İdeolojik oyunlar, kaygı dolu ve mutsuz bir
öğrenci ahvali tecrübesinin üstesinden gelmenin yollarından biri
de olabilir. Tanımadığı rakiplerden oluşan koca bir kalabalıkla
tedirgin edici bir temasın uyandırdığı endişeyi her an hisseden
ve son derece güç çalışma şartlarıyla karşı karşıya bulunan Parisli
öğrenci için, ne pahasına olursa olsun orijinal olmanın peşinde
koşmak fevkalade hayati bir işleve sahiptir.
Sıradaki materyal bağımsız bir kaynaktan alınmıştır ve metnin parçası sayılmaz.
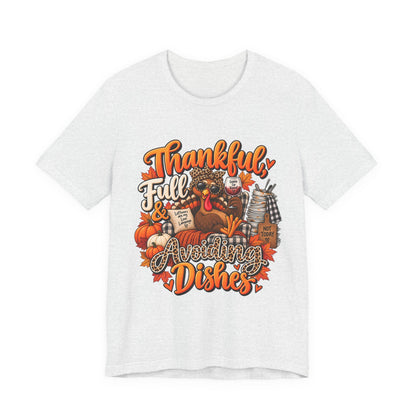 Thankful, Full & Avoiding Dishes Thanksgiving T-Shirt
Bunalma ya da tecrit
olma gibi daha kolaylıkla itiraf edilebilen tecrübelerin, yer değiştirmiş olarak öğrencinin temel kaygısını ifade ediyor olması
da mümkündür: “Ben neyim” ve “değerim ne” sorularını hiç
durmadan sormaya mahkûm olup okuldaki başarı dışında bir
seçilmişlik göstergesine sahip olmadığından ötürü başarısızlık
veya anonimlik hissiyatını mevcudiyetinin derinliğinde hisseder.
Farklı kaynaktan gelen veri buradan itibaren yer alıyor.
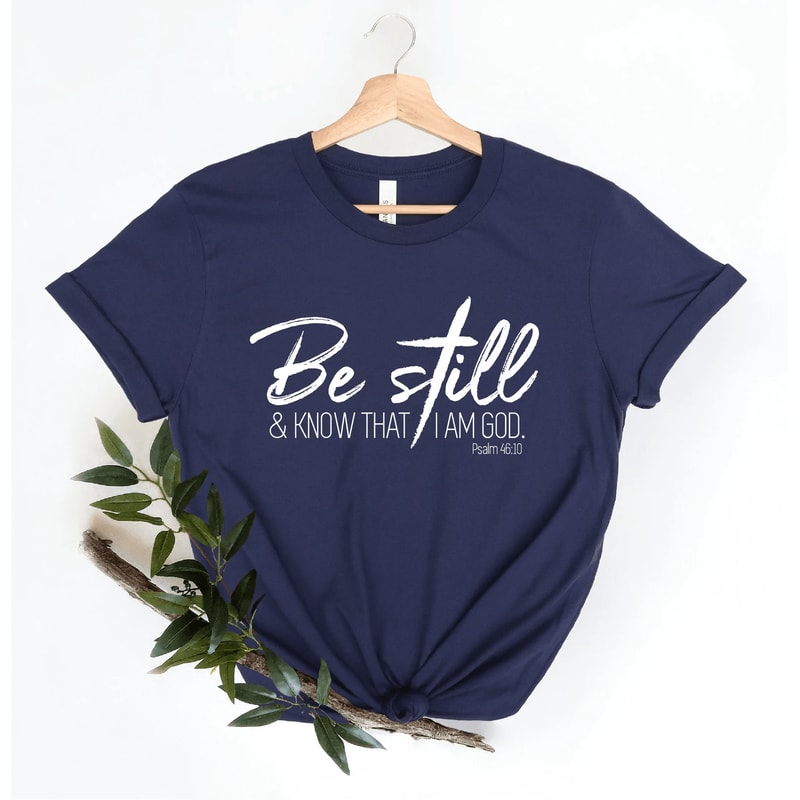 Be Still And Know That I Am God Shirt Psalm Christian Faith Tee Women 2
Hoca tarafından fark edilmek (“göze girmek”) için yapılan kurnazlıklar ve gösterilen gayretler veyahut da onun tam tersi olan küçümseme ve çekiştirme gibi ideolojik tartışmalar da neredeyse bir terk ediliş tecrübesine benzeyen bu tecrübeden kaçınmanın yöntemlerindendir.